◆ Entries supplied
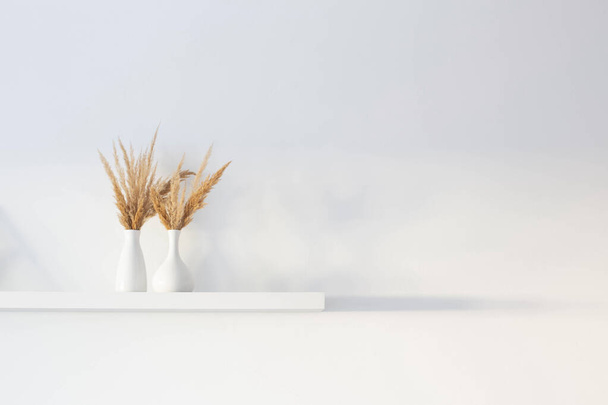 bouquet of dried wild flowers in white vase on wooden shelf on background white wall - Foto, immagini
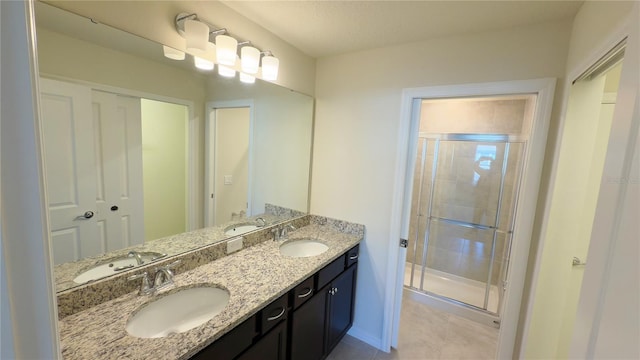 bathroom with a shower with door and vanity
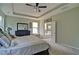 The main bedroom features an ensuite bathroom, neutral paint and carpet, and a ceiling fan at 514 Creekshire Cir, Canton, GA 30115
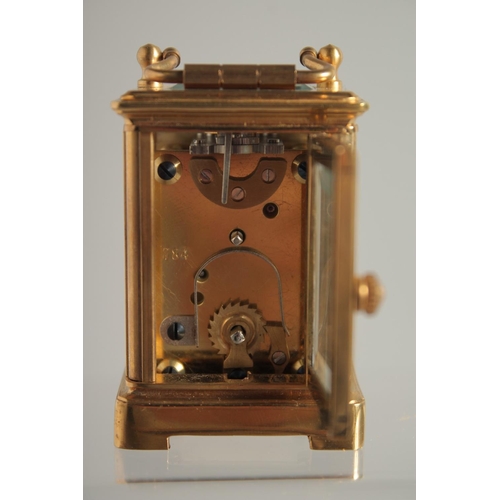 1611 - A MINIATURE GILT FACED CARRIAGE CLOCK. 2ins.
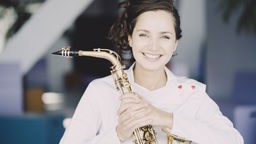 Asya Fateyeva hält lächelnd ihr Saxophon.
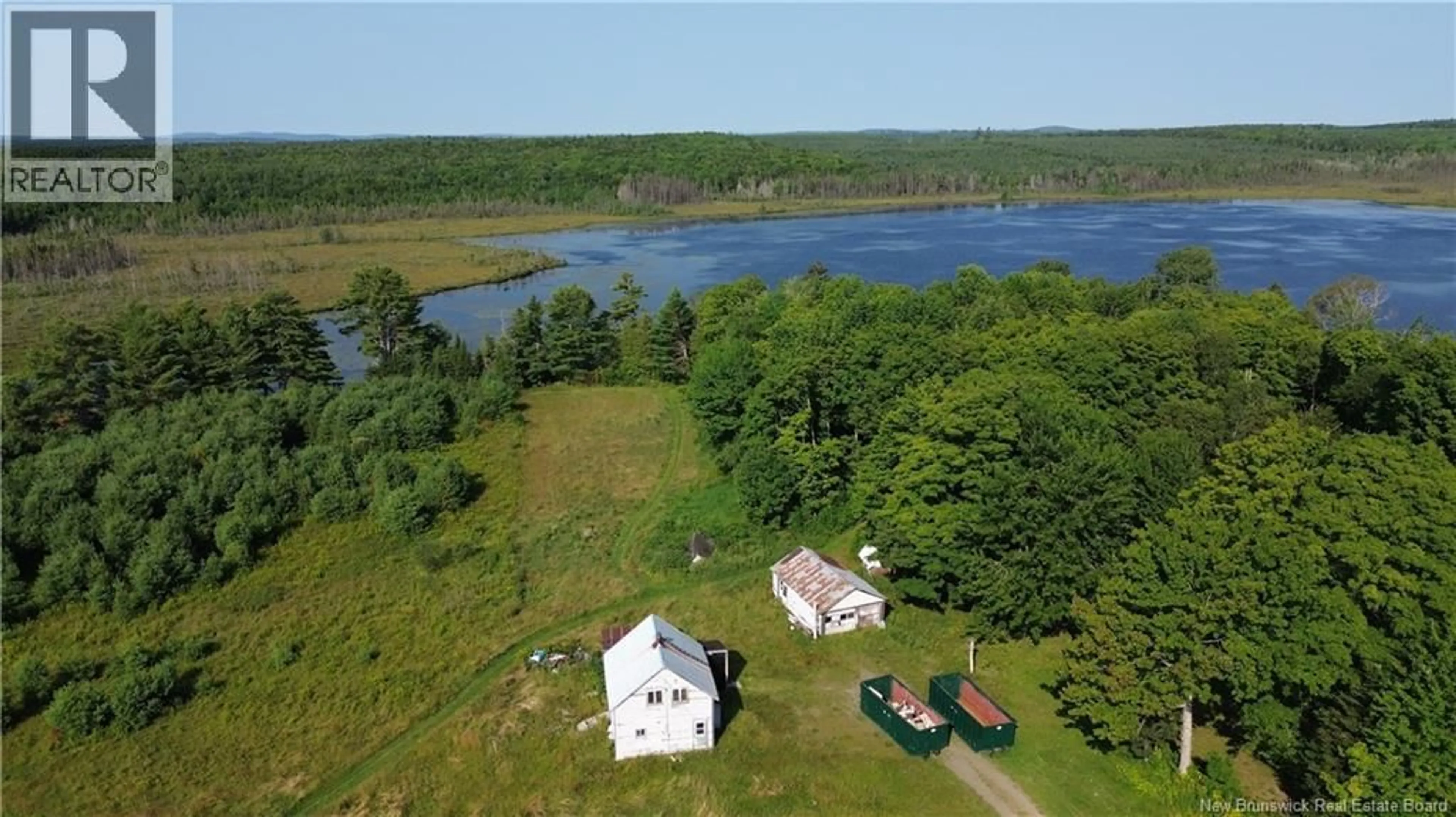 A pic from outside/outdoor area/front of a property/back of a property/a pic from drone, water/lake/river/ocean view for 2635 595 ROUTE, Bull Lake New Brunswick E7N4E4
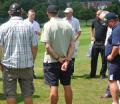 Head Groundsman Lee Marshallsay speaks to guests about pitch maintenance at the school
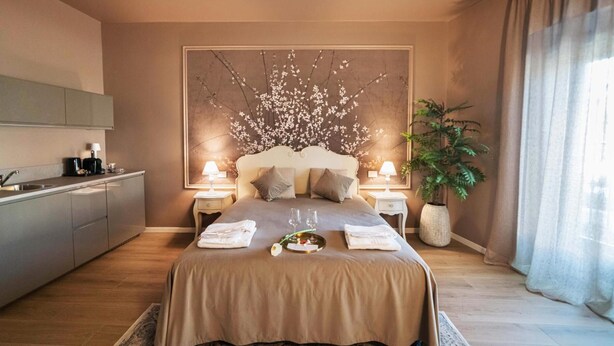 Un dormitorio con cama, mesitas de noche, una planta en maceta y una obra de arte en la pared.
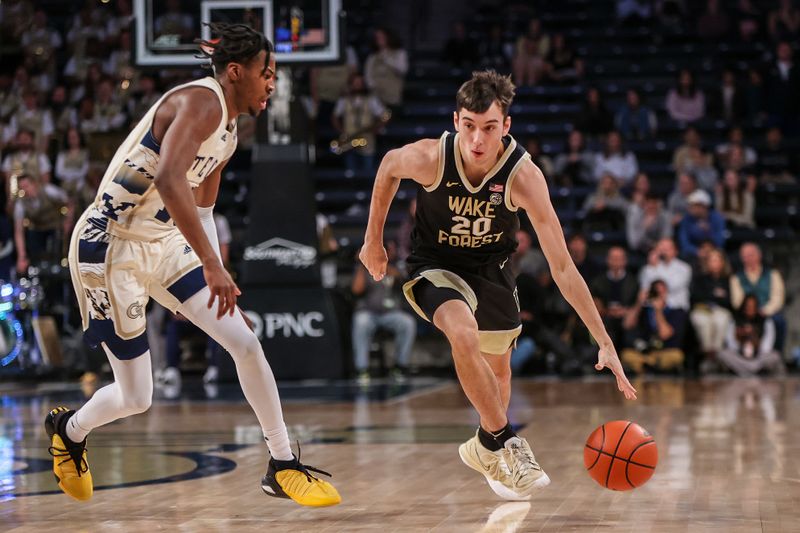 Feb 6, 2024; Atlanta, Georgia, USA; Georgia Tech Yellow Jackets guard Miles Kelly (13) defends Wake Forest Demon Deacons guard Parker Friedrichsen (20) in the first half at McCamish Pavilion. Mandatory Credit: Brett Davis-USA TODAY Sports
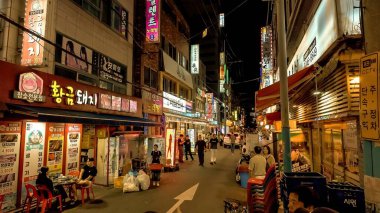 BUSAN, Güney Kore - 10 Ekim 2025 - Açık hava restoranlarında yemek yiyen ve neon tabelaların arasında yürüyen insanlarla sokak manzarası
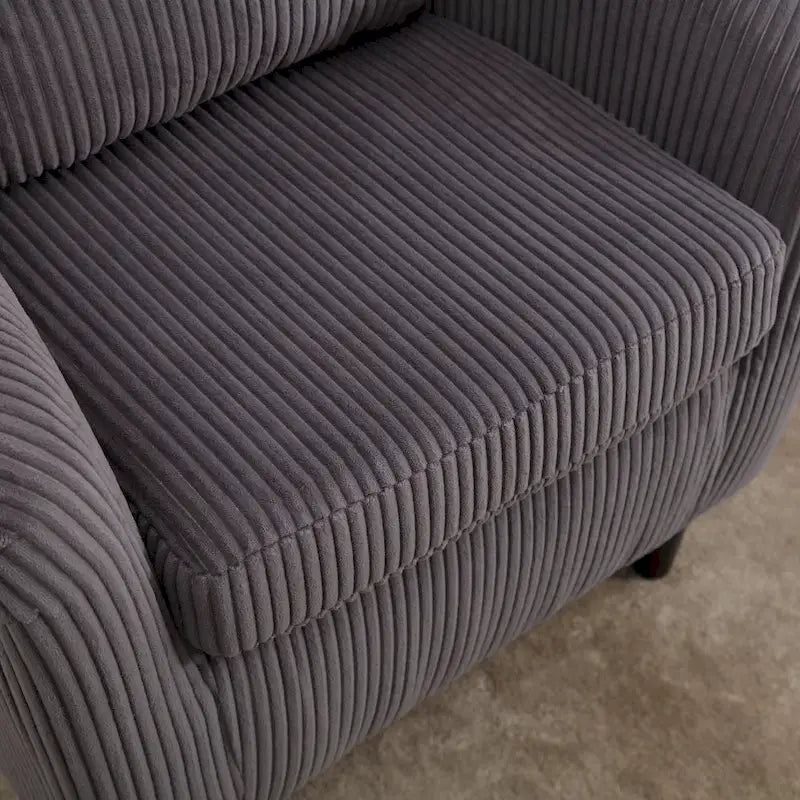 Stoffen fauteuil met kussen en en sierkussen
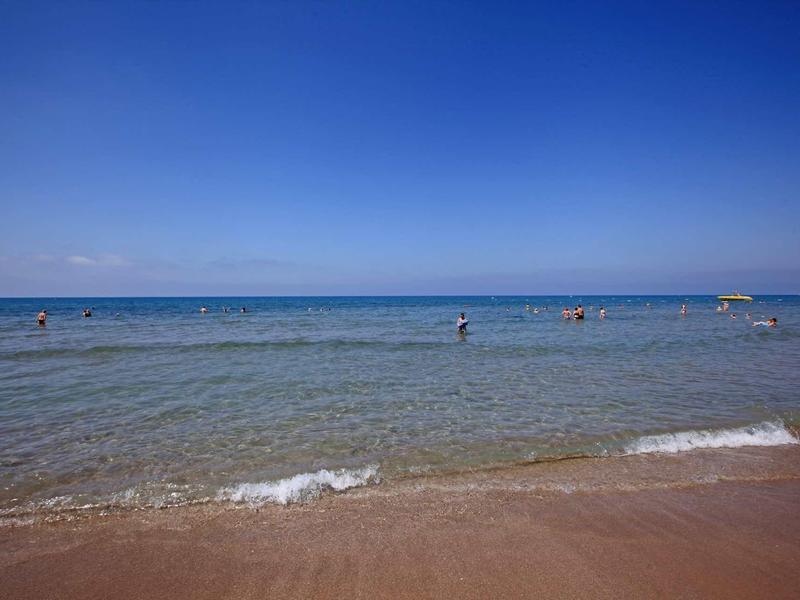 Mare blu limpido con pochi bagnanti e una spiaggia sabbiosa sotto un cielo sereno.
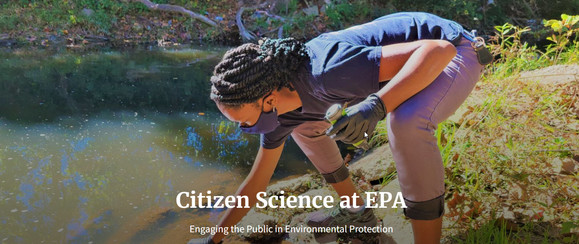 Citizen science participants takes water quality sample from a stream while wearing a mask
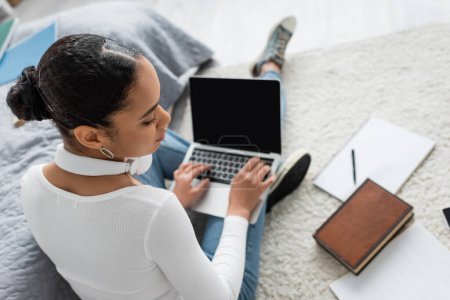 Foto de Vista superior de la mujer afroamericana utilizando el ordenador portátil con pantalla en blanco mientras estudia desde casa - Imagen libre de derechos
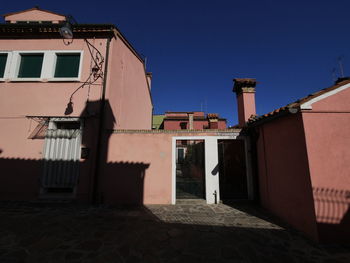 Low angle view of buildings against clear blue sky of burano close  venice, italy.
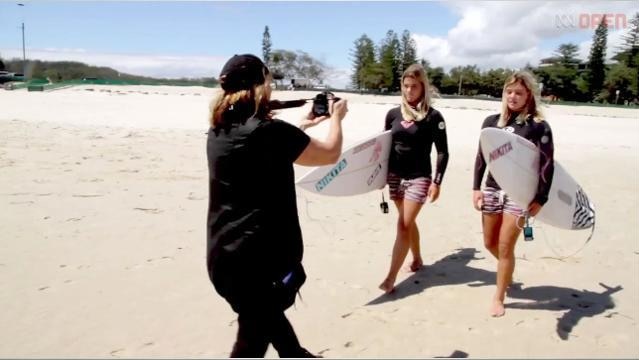 Rear view of woman using small camera to film two girls walking with surfboards on the beach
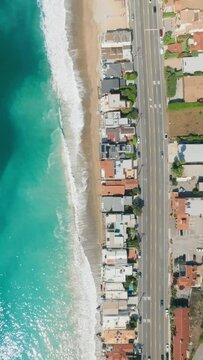 Vertical Screen: Dramatic Aerial Shot of Turquoise Waves Crashing on the Sandy Beach of Malibu, California, Framed by Coastal Homes. 4K Footage. 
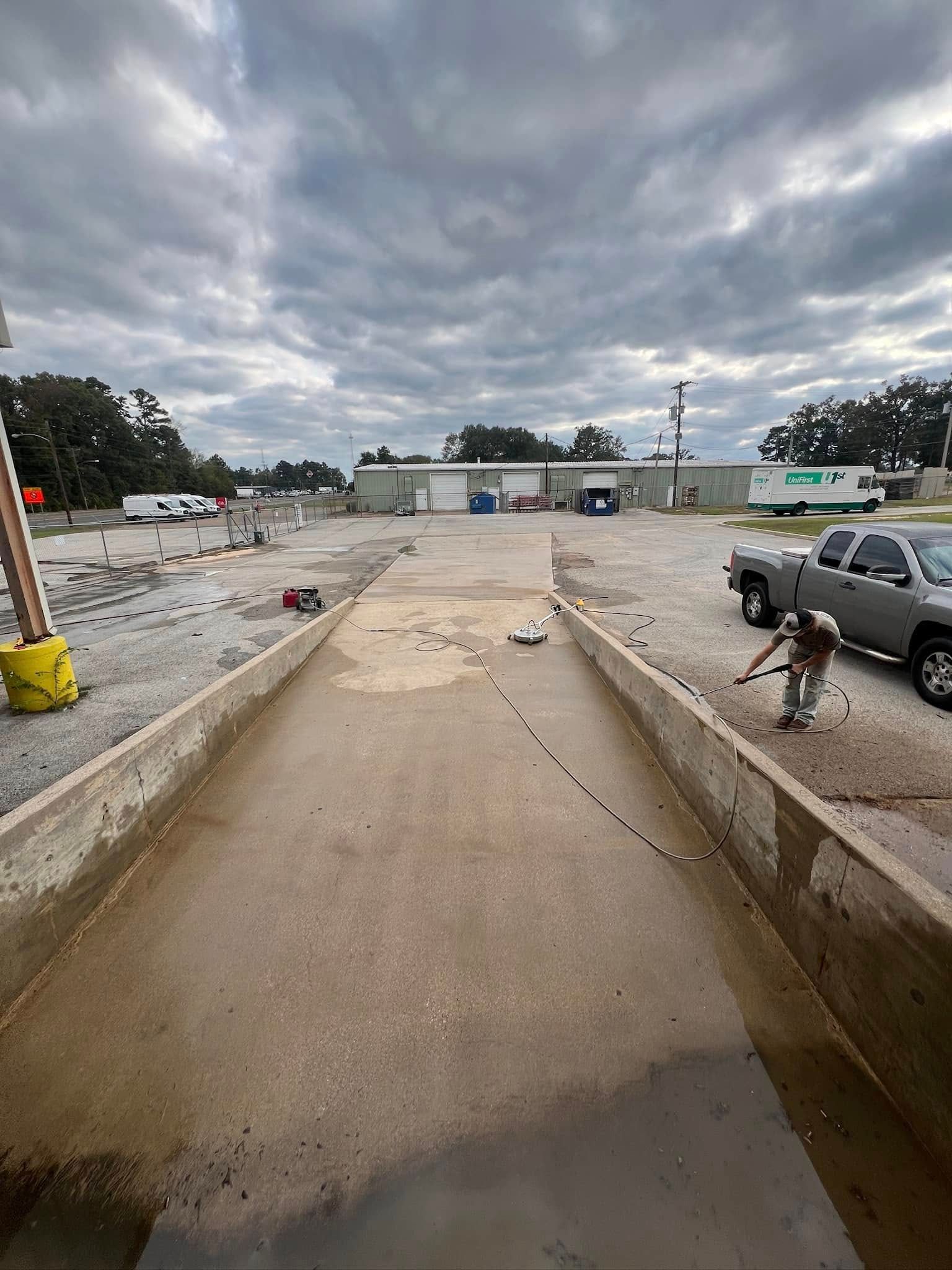 A concrete wash bay, with a person spraying down a truck in a parking lot under a cloudy sky.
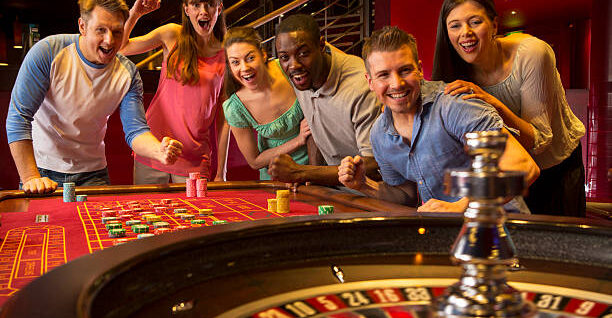 Group Of Friends Playing Roulette In Casino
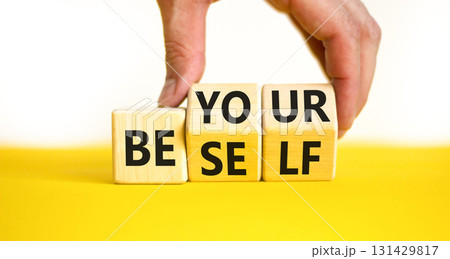 Motivational be yourself symbol. Concept words Be yourself on beautiful wooden block. Beautiful white background Businessman hand. Business motivational be yourself concept. Copy space. 131429817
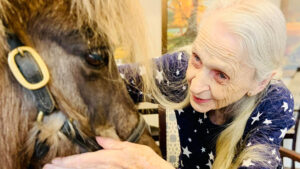 An elderly woman with long white hair and a star-patterned shirt gently pets a small horse's face indoors. She is smiling, and the horse is calm and close to her. A painting is visible in the background.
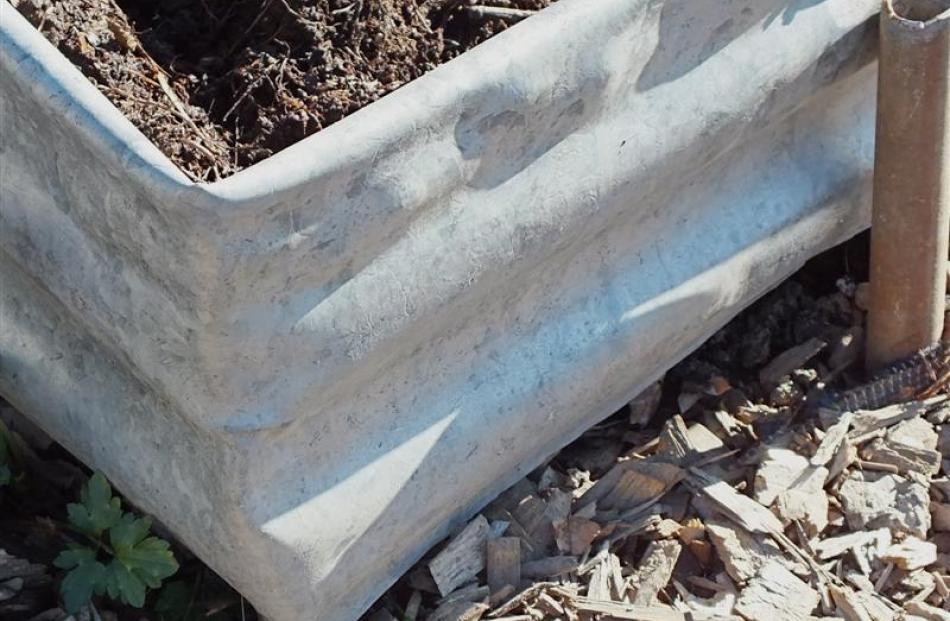 Corrugated iron is an edging option.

◆ What you are asked to do
Transcribe the material exactly, leaving every picture out.

◆ Written reply
 bouquet of dried wild flowers in white vase on wooden shelf on background white wall - Foto, immagini
 bathroom with a shower with door and vanity
 The main bedroom features an ensuite bathroom, neutral paint and carpet, and a ceiling fan at 514 Creekshire Cir, Canton, GA 30115
 1611 - A MINIATURE GILT FACED CARRIAGE CLOCK. 2ins.
 Asya Fateyeva hält lächelnd ihr Saxophon.
 A pic from outside/outdoor area/front of a property/back of a property/a pic from drone, water/lake/river/ocean view for 2635 595 ROUTE, Bull Lake New Brunswick E7N4E4
 Head Groundsman Lee Marshallsay speaks to guests about pitch maintenance at the school
 Un dormitorio con cama, mesitas de noche, una planta en maceta y una obra de arte en la pared.
 Feb 6, 2024; Atlanta, Georgia, USA; Georgia Tech Yellow Jackets guard Miles Kelly (13) defends Wake Forest Demon Deacons guard Parker Friedrichsen (20) in the first half at McCamish Pavilion. Mandatory Credit: Brett Davis-USA TODAY Sports
 BUSAN, Güney Kore - 10 Ekim 2025 - Açık hava restoranlarında yemek yiyen ve neon tabelaların arasında yürüyen insanlarla sokak manzarası
 Stoffen fauteuil met kussen en en sierkussen
 Mare blu limpido con pochi bagnanti e una spiaggia sabbiosa sotto un cielo sereno.
 Citizen science participants takes water quality sample from a stream while wearing a mask
 Foto de Vista superior de la mujer afroamericana utilizando el ordenador portátil con pantalla en blanco mientras estudia desde casa - Imagen libre de derechos
 Low angle view of buildings against clear blue sky of burano close  venice, italy.
 Rear view of woman using small camera to film two girls walking with surfboards on the beach
 Vertical Screen: Dramatic Aerial Shot of Turquoise Waves Crashing on the Sandy Beach of Malibu, California, Framed by Coastal Homes. 4K Footage. 
 A concrete wash bay, with a person spraying down a truck in a parking lot under a cloudy sky.
 Group Of Friends Playing Roulette In Casino
 Motivational be yourself symbol. Concept words Be yourself on beautiful wooden block. Beautiful white background Businessman hand. Business motivational be yourself concept. Copy space. 131429817
 An elderly woman with long white hair and a star-patterned shirt gently pets a small horse's face indoors. She is smiling, and the horse is calm and close to her. A painting is visible in the background.
 Corrugated iron is an edging option.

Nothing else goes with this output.